The foot, a complex structure

La Clinique du Pied

Decompensated Cavus Foot

La Clinique du Pied

The hollow foot, like the flat foot, is an anatomical variation of the so-called "normal" foot. The hollow foot is characterized by a very marked arch on the inner side of the foot, as well as by a lowering of the first metatarsus. It is accompanied by a more or less significant rocking in the hindfoot varus ("O" hindfoot) and adduction of the midfoot (foot deviating inwards). The causes of the hollow foot are multiple. Besides a hereditary or genetic origin characterizing the morphology of this foot, a neurological problem must be suspected and investigated. It can also be a sequel to a congenital clubfoot. The hollow foot is well compensated for a long time, but the forces exerted on the foot over the years cause an overload of certain ligament and tendon structures, which leads to decompensation of the foot and the appearance of pain. The first symptoms appear during prolonged exertion and are most often due to inflammation of the peroneal tendons on the lateral edge of the ankle. Insufficiency of the ankle's external ligaments can also develop, causing a feeling of instability in the ankle and repeated sprains. If the deformity worsens, osteoarthritis can settle in the joints of the hindfoot and ankle, further accentuating the pain and functional discomfort. The hollow foot is also often accompanied by deformities of hammer toes due to an imbalance between the flexor tendons and the extensor tendons of the toes.

Treatment

The clinical examination allows the diagnosis to be made. Other additional examinations such as standard radiographs or an MRI are often necessary to clarify the state of certain anatomical structures. If an associated neurological problem is suspected, an assessment with a neurologist is advised. In the case of a hollow foot, it is important to consult a specialist as soon as the first symptoms appear.

At this stage, a conservative treatment can be implemented, most often in the form of adapted plantar supports and exercises to strengthen the peroneal muscles. These measures then make it possible to stabilize the situation and avoid a progression of symptoms and deformation.

At a more advanced stage of the deformity, surgical correction is often necessary in order to restore the anatomy of the hindfoot and to correct any deformities of the toes. The intervention is a combination of several gestures (corrective osteotomy of the calcaneus and the 1st metatarsus, lateral ligament reconstruction and possibly a revision of the peroneal tendons). In the presence of symptomatic osteoarthritis of the hindfoot or ankle joints, arthrodesis, possibly combined with the fitting of a total ankle prosthesis, is often necessary and is used to treat symptoms.

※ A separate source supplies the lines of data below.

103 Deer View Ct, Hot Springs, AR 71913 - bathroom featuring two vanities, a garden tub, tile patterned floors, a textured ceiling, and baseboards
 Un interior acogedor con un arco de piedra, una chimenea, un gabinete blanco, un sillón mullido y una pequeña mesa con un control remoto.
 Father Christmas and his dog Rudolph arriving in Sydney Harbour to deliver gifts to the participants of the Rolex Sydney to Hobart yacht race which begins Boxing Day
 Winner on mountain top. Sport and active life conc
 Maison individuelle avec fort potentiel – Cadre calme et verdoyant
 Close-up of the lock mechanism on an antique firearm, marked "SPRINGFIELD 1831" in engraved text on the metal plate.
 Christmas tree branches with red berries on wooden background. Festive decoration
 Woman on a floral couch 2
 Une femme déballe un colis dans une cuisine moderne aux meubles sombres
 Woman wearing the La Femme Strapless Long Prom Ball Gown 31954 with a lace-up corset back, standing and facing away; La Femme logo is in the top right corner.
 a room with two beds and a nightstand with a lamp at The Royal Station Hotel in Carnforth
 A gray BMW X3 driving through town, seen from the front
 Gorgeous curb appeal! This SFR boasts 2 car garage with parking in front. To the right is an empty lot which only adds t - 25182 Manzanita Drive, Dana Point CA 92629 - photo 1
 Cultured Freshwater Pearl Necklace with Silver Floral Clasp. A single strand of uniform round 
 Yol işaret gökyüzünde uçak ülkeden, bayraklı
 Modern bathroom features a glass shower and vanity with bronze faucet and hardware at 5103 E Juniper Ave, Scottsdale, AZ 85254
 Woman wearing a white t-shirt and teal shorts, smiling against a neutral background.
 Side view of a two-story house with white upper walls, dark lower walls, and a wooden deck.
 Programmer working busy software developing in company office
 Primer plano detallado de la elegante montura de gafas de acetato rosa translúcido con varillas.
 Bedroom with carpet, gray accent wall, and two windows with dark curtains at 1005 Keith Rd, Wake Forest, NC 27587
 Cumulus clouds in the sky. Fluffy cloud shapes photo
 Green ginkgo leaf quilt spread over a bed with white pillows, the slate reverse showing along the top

The intervention can last up to two hours depending on the gestures to be performed and can be performed under general or spinal anesthesia. It can be combined with local anesthesia of one of the main nerves of the foot (popliteal block), which significantly reduces post-operative pain. It takes two to three nights of hospitalization. Walking is done immediately from the first post-operative day in full discharge of the foot operated using canes in a removable plastered boot. This total discharge must be observed during the first two weeks. The removal of stitches and the making of a new removable plastered boot take place 2 weeks after the intervention. From this moment, a partial load of 15 to 20 kg on the operated foot is allowed, this for 4 additional weeks. A clinical and radiological check-up is carried out 6 weeks after the operation.

In case of sufficient bone healing, a gradual increase in the load on the foot is done over a period of two to three weeks until the total load. From the 7th week, a physiotherapy treatment aimed at reducing the swelling of the foot and improving its function is implemented. Resumption of activities such as swimming, cycling or moderate walking is possible from the 10th post-operative week. More restrictive activities on the foot such as longer hikes can be considered from the 7th month after the intervention. Activities such as running or other stop and go sports are not recommended after this type of intervention. The foot will continue to refine and heal until one year post-operatively and gradually regain its full function. Wearing a suitable plantar support is recommended later to maintain the correction.